What made you want to write a Hellboy story?
I am a huge fan of Hellboy. He’s always been one of my favorites and really, Mike’ s stuff is just amazing.

For your contribution, you chose to write a story featuring Roger, the homunculus. Why?
Roger fascinates me. What an amazing concept! As soon as Chris asked me if I would be interested, I thought of Roger. Here’s this poor bastard of a character who has been locked away for hundreds of years, who should have no humanity whatsoever after all he’s endured, and after “borrowing” Liz’s power, he awakens as one of the most unusually human characters. So the idea of having him in conflict with another being that has suffered a similar fate fascinated me. I wanted to examine the differences between them more than the similarities. On a side note: I’ve heard rumors that Roger was going to be the next movie and then wasn’t going to be in there and all I can say is “Poop.” I really would love to see what Mr. Del Toro could do with him.

You write a great fight sequence between Roger and the golem.
Thank you!

For those writers out there, what are some tips to writing fight scenes?
I think the biggest mistake anyone can make is trying to get too detailed in a fight sequence. “Paint in broad strokes.” Short stories should have a certain visual element, but they aren’t comics and you can’t really get mired in the finer details without bogging down the story’s pace. Having said that, the writer should know exactly what everything looks like and where everything is situated. Just as with sequential art, there should be a certain amount of flow.

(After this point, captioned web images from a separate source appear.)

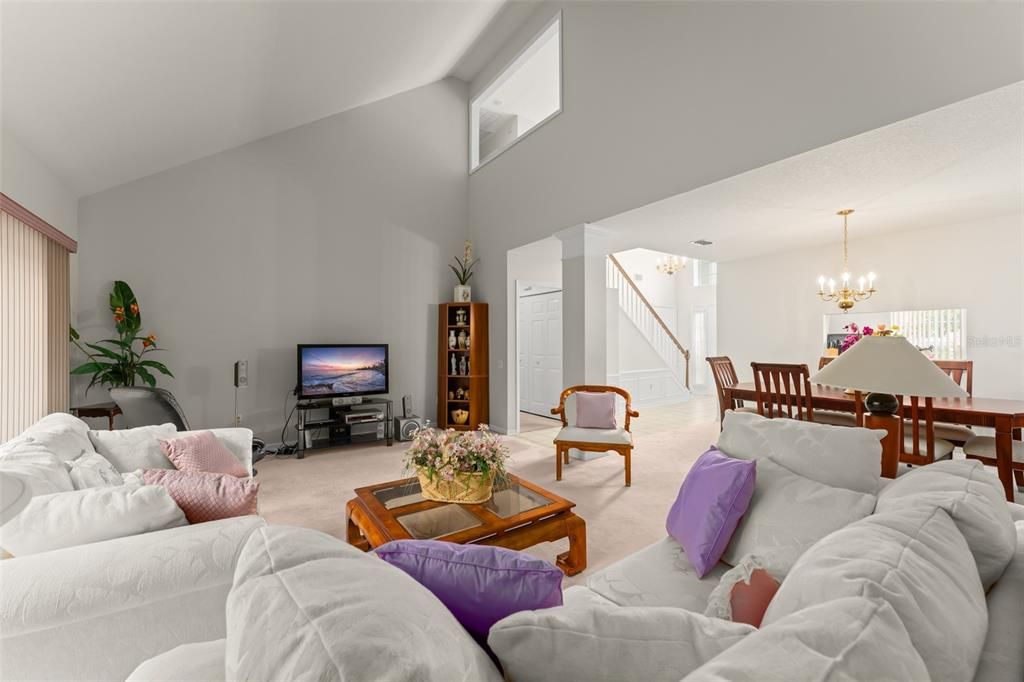 Active With Contract: $399,900 (3 beds, 2 baths, 1712 Square Feet)
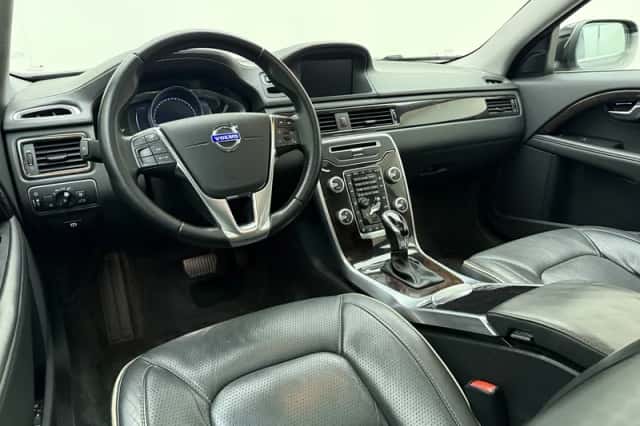 Volvo XC70 (2016) thumbnail 2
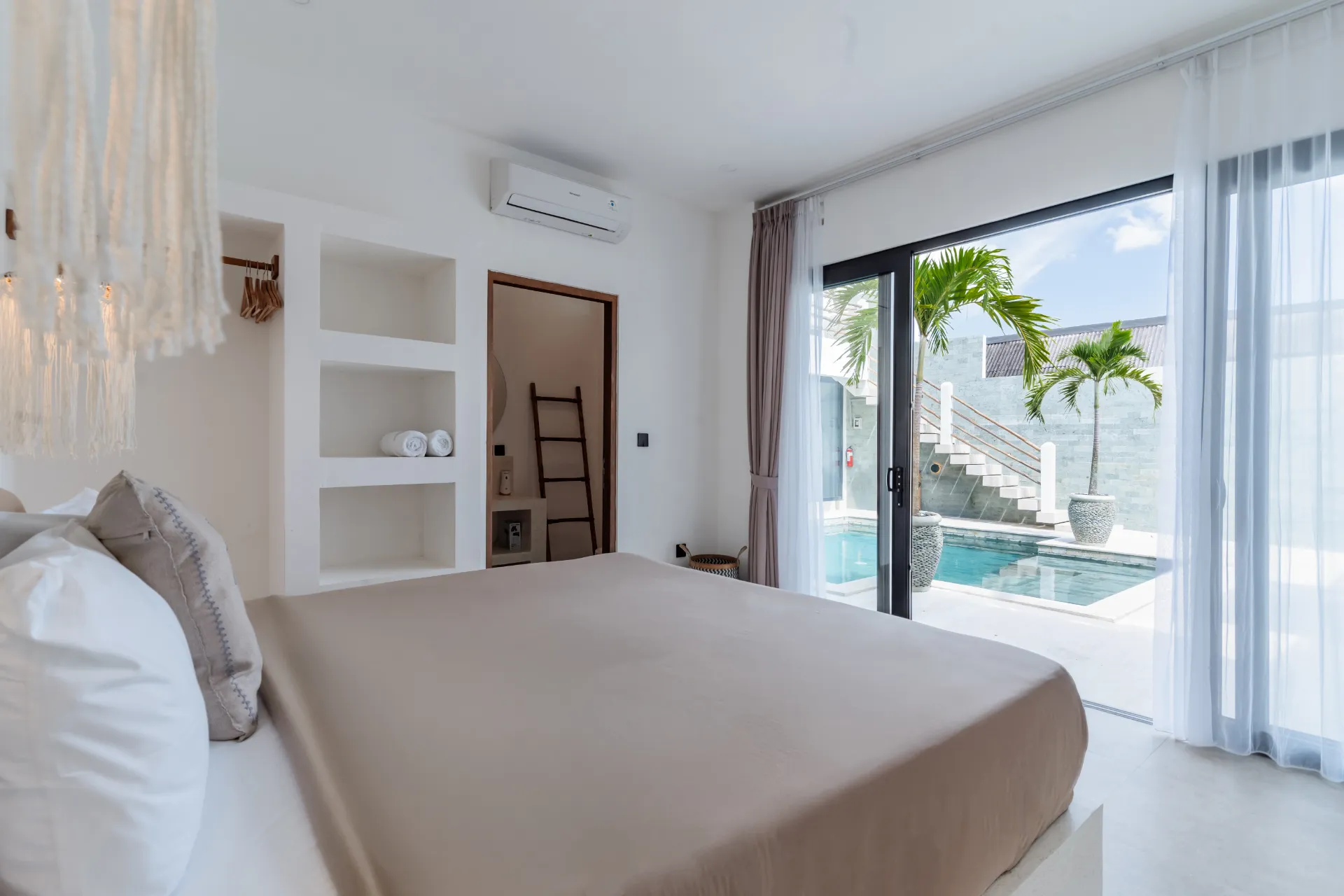Luxe 3BR Villa w/ Rooftop, Billiard & Large Pool – 10 Min to Canggu, 3-bed villa for rent in Pererenan – photo 4 of 15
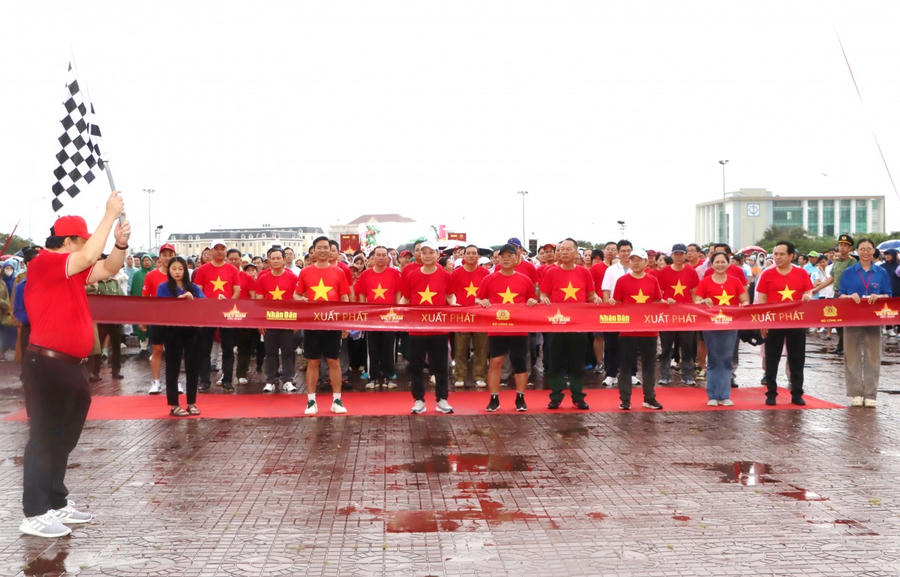Ông Phạm Thành Ngại - Chủ tịch UBND tỉnh thực hiện nghi thức phất cờ xuất phát, chính thức khởi động hành trình đi bộ với thông điệp “1 tỷ bước chân tiến vào kỷ nguyên mới”.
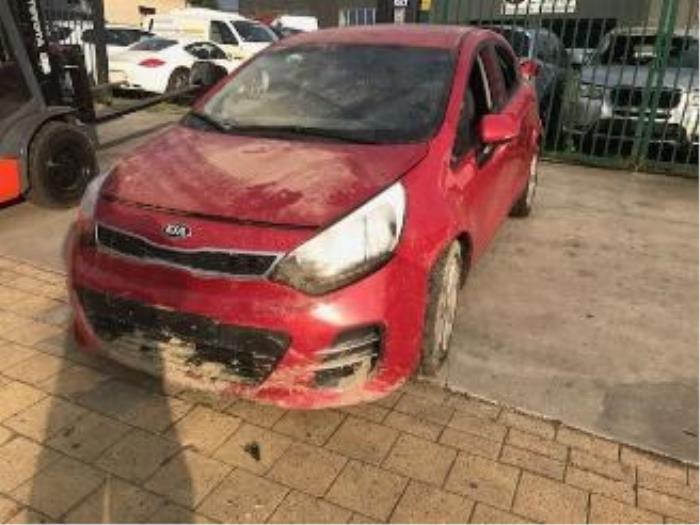 Kia Rio III 1.4 CRDi 16V Sloopvoertuig (2015, Rood)
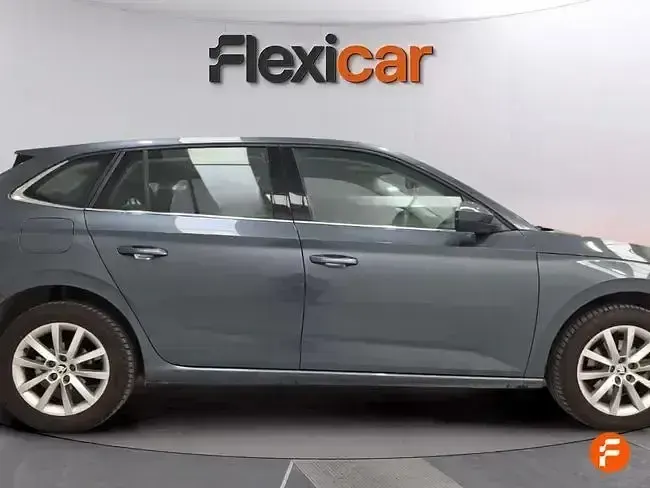 Usado Skoda Scala Ambition 115 CV (84 kW) 2021 Gris Utilitario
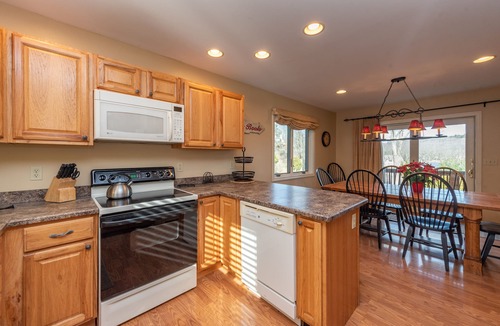 Thayerville House | Centrally Located Gem w/4 Master Suites & Hot Tub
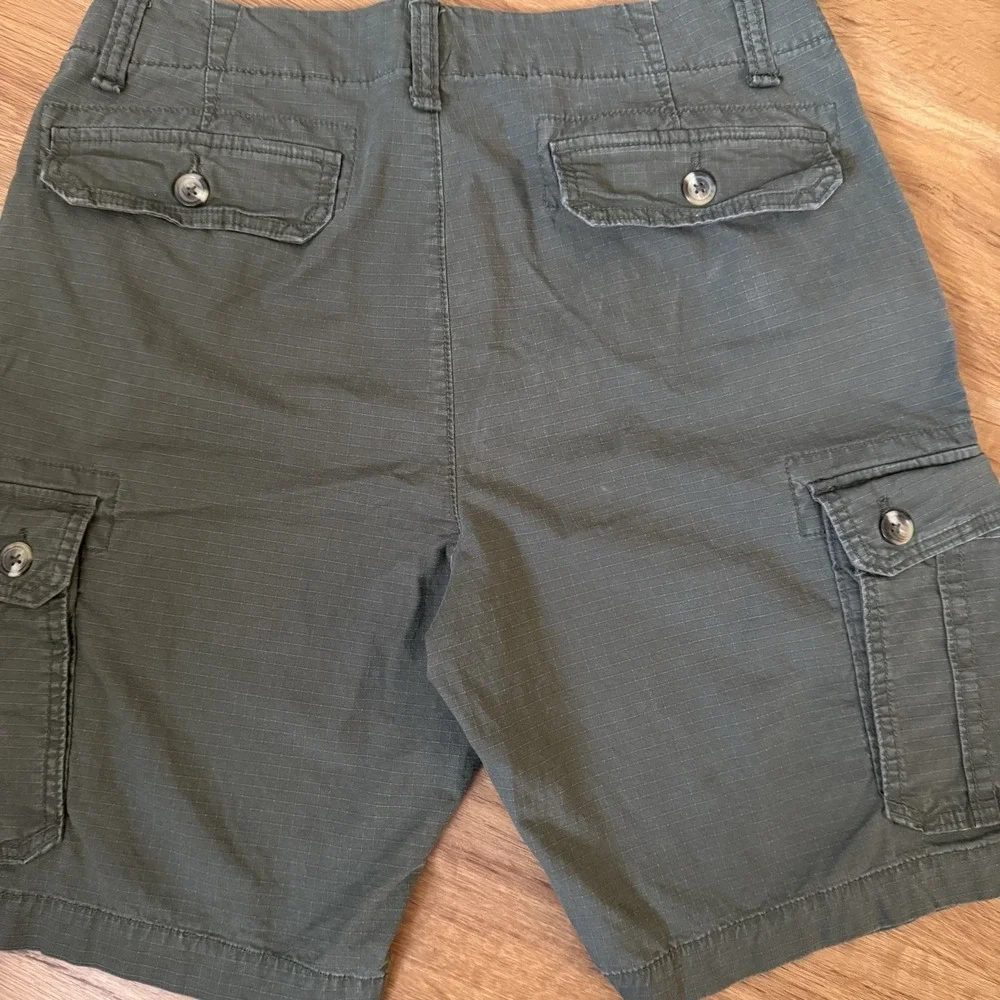 Old Navy Cargo Shorts Men's 33 Olive Green Cotton Flat‎ Front Rip Stop Grunge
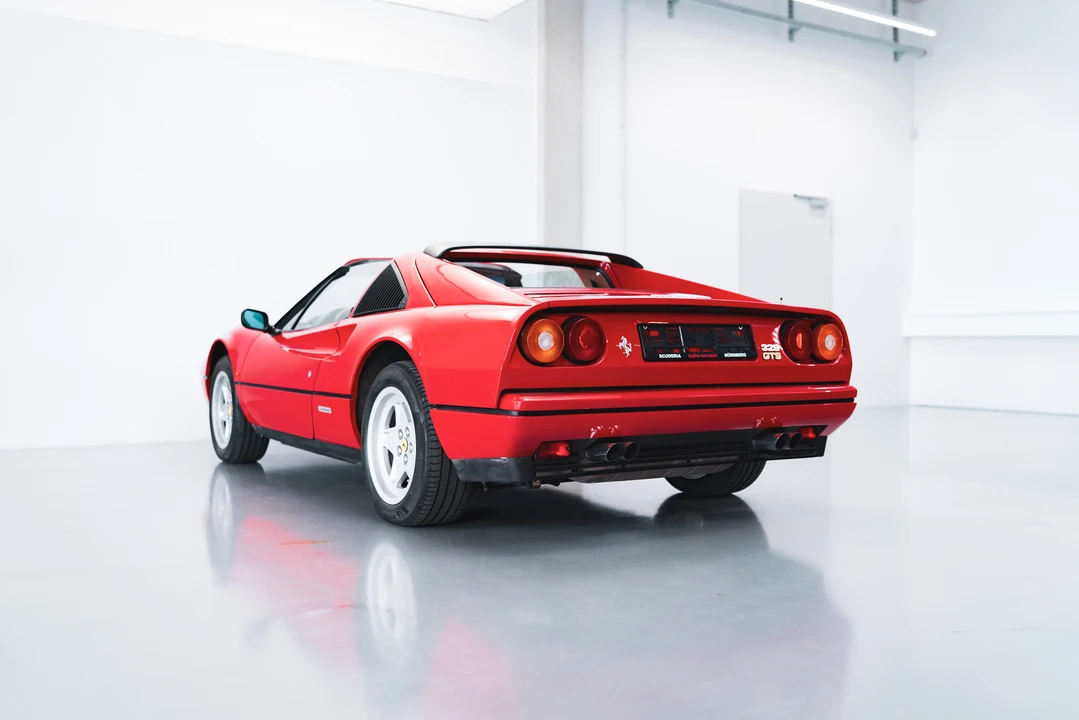 1986 Ferrari 328 GTS - Image 13 of 31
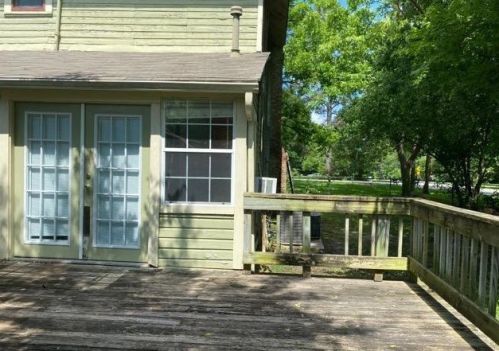 340 Bush Dr, Huntsville TX 77320-3402 exterior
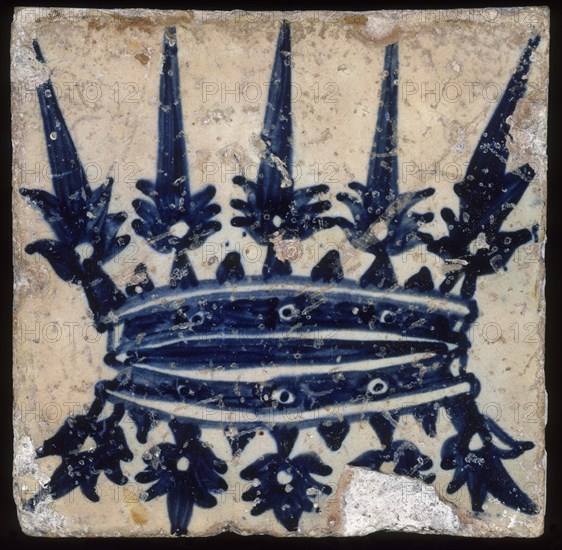 AZULEJO DE MANISES S XV-CON EMBLEMA DE ALEJANDRO VI-DOBLE CORONA
MADRID, INSTITUTO VALENCIA DE DON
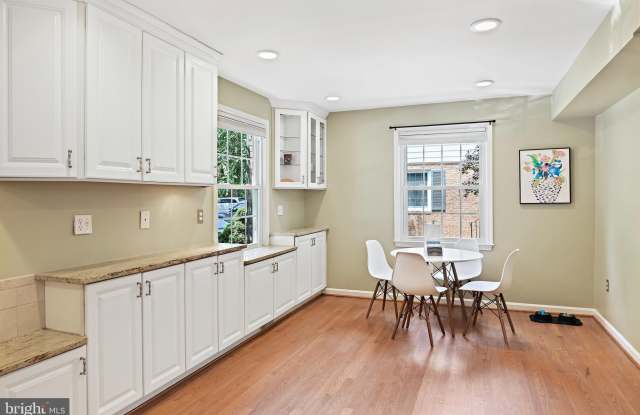 5267 LEESTONE Court Gallery 4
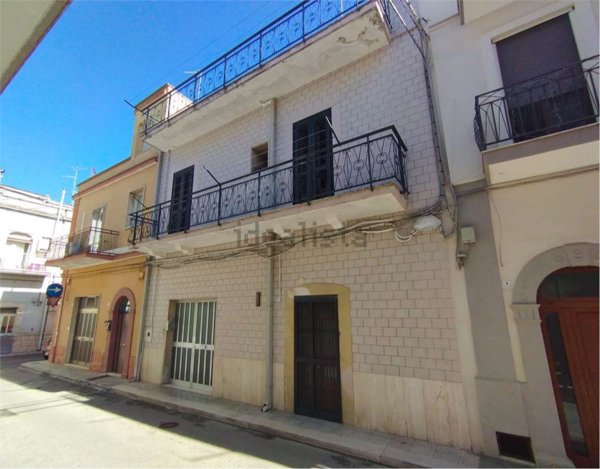 casa indipendente in vendita ad Acquaviva delle Fonti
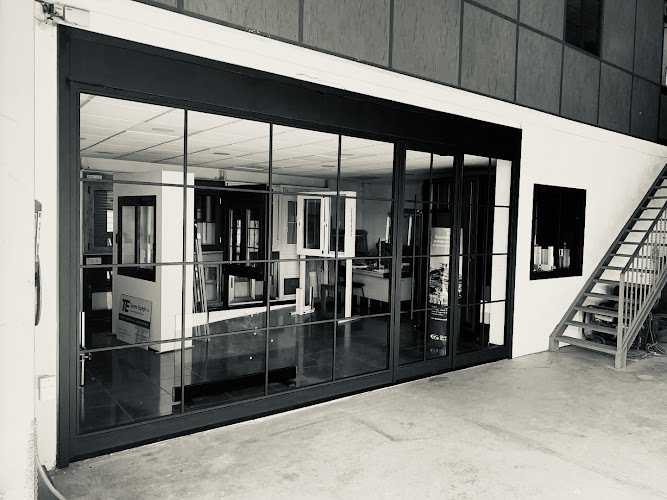 Fotografia tomada fuera de Talleres Torres Espejo c.b. - Carpintería metálica y de aluminio en Córdoba, Córdoba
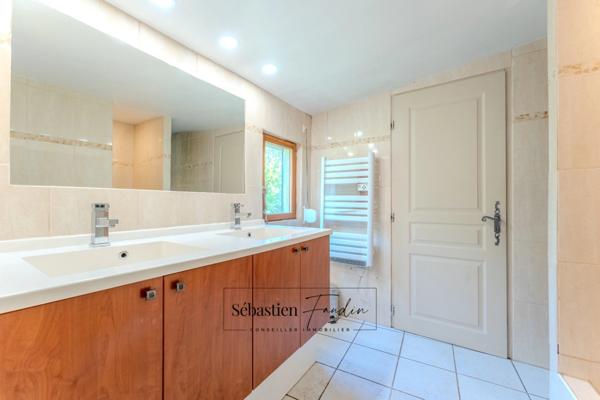 Maison à vendre à SIGNES (83) - Parcelle de plus d'un hectare - Piscine - Nombreuses annexes et dépendances - Calme absolu - Ensoleillée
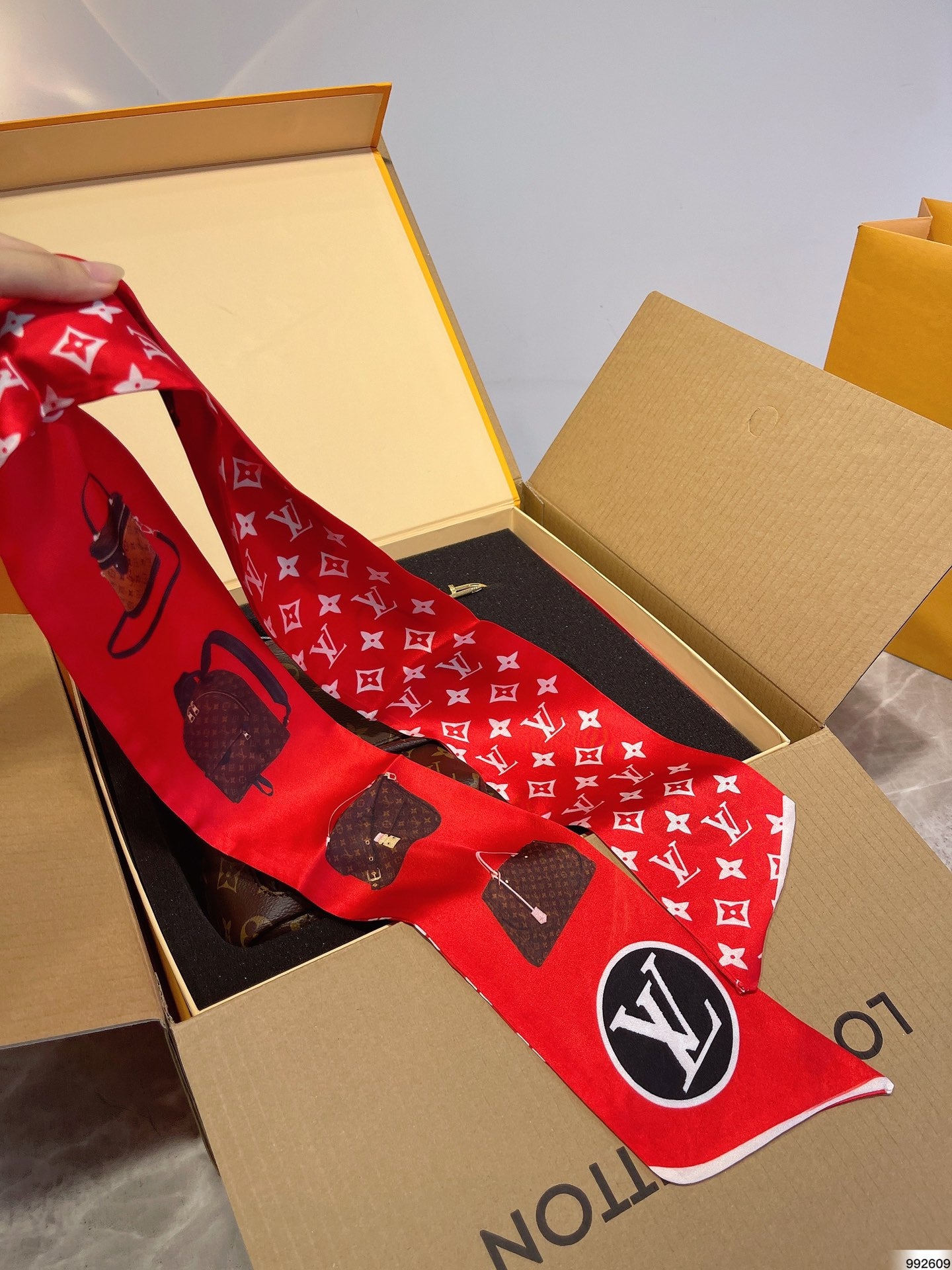 LV-BAG515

You also do some writing for the gaming industry. What do you like about writing for games, and what makes it unique to writing a standard narrative?
RPG and Game writing is a double-edged sword. I loved doing it and I still do it from time to time, but it can be very time consuming. The money is normally nice, but with a lot of what I did for White Wolf Games I had to do some serious research on different locations, mythologies and times. More importantly, RPG writing is often a lot more challenging because you have to write not just one story, but one story with numerous variables. In a novel or graphic novel, you have a simple progression from Point A to point B to Point C, etc. In RPGs if you are writing an adventure you have to be able to figure out as many variables as possible, because the characters involved in the game not only can but I can almost guarantee WILL do exactly what they should not do to make the story move faster and smoothly. You can go from Point A to Point H and then backtrack to Point C before traipsing merrily off to Point N. It’s a wonderful experience for examining worst case scenarios and being able to keep a realistic perspective.

What advice would you give to writers who want to start writing RPG games?
The exact same advice I give to anyone who wants to write: Read a lot and write every day. There are a few addition bits, however. KNOW THE MARKET. If you want to write for WIZARDS OF THE COAST, you’d best have a good idea of what they are already doing and be familiar with the styles they like to see used. Most companies have a bible for their writers and they don;t mind sharing. Request one and study it along with the product they have delivered.

What projects are you currently involved with?
It’s been a very busy year. I am ghost writing four young adult books, and aside from that I have just finished the manuscript for BLOOD RED, a novel coming out from Earthling Publications. I am putting together a short story collection as well. I have six novels coming out this year and now I have to try to scrounge together a few more novel deals in order to get a few set up for next year. I just did a substantial revamping of SERENITY FALLS, which is coming out as a trilogy from Jove books, and I have RABID GROWTH hitting the shelves right now. I’m co-editing an anthology of original fiction and I am co-writing a chapbook with Christopher Golden, but we can’t talk about that one too much as yet. I think it will be amazing.